Action item.
Give again, exactly as written, the lines of the records below from the line with "BUCHET DE TRANDAFIRI" to the line with "CIE138, ISO102%, 69828". Both end lines count; pictures do not.

Data for this task.

------------------------------------------------------------------------

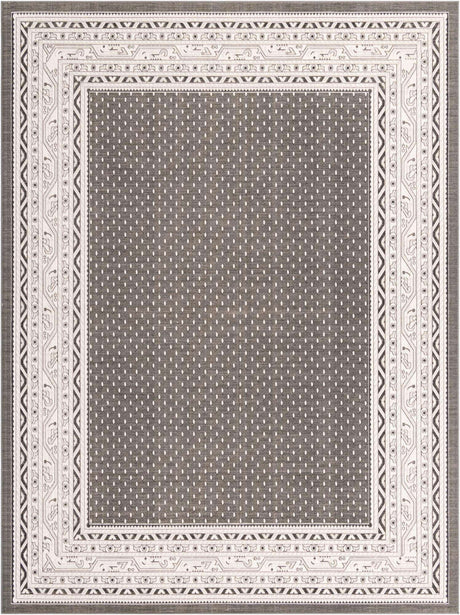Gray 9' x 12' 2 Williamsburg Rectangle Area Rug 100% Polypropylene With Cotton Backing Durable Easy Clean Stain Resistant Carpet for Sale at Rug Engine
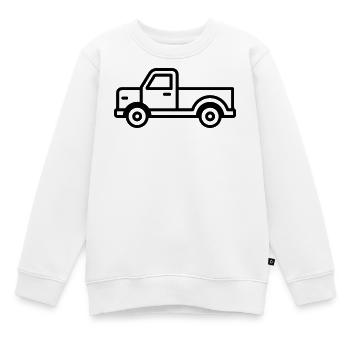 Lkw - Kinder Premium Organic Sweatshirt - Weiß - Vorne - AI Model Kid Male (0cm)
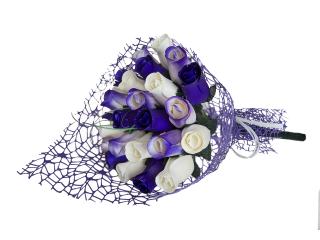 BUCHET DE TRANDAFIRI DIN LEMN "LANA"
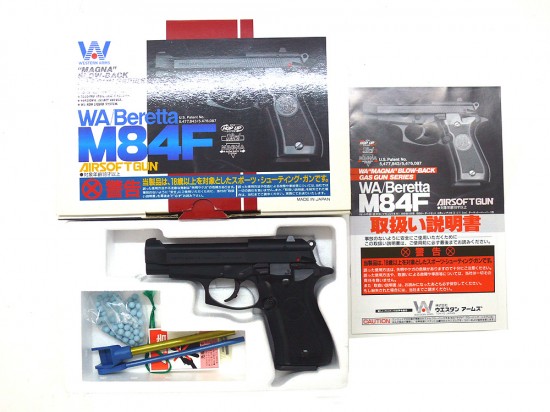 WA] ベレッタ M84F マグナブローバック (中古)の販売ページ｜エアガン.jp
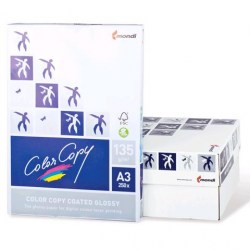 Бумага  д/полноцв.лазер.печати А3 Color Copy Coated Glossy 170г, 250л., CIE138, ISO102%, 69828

------------------------------------------------------------------------

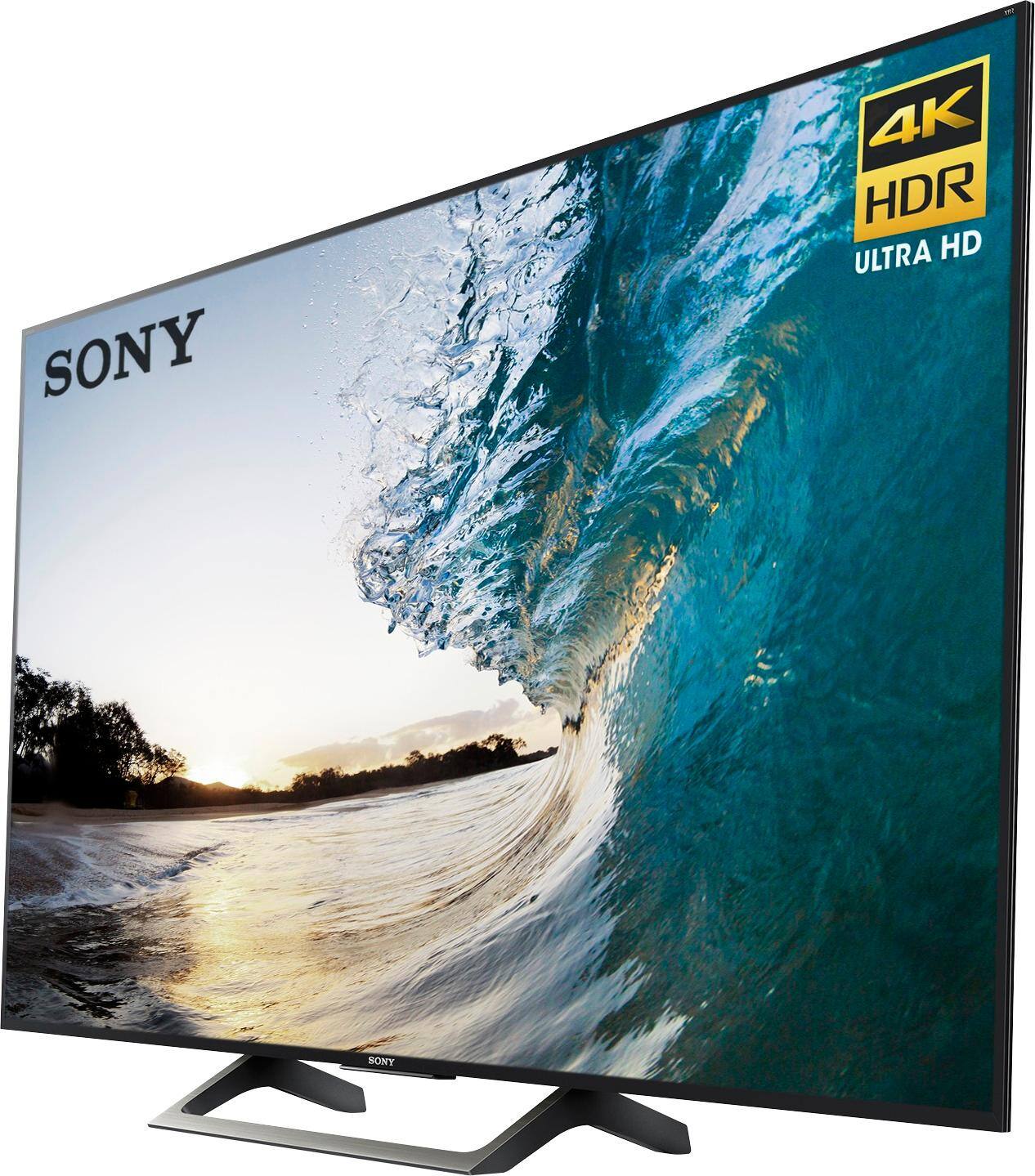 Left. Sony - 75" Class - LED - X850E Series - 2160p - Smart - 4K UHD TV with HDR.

------------------------------------------------------------------------

Response to this task.
 BUCHET DE TRANDAFIRI DIN LEMN "LANA"
 WA] ベレッタ M84F マグナブローバック (中古)の販売ページ｜エアガン.jp
 Бумага  д/полноцв.лазер.печати А3 Color Copy Coated Glossy 170г, 250л., CIE138, ISO102%, 69828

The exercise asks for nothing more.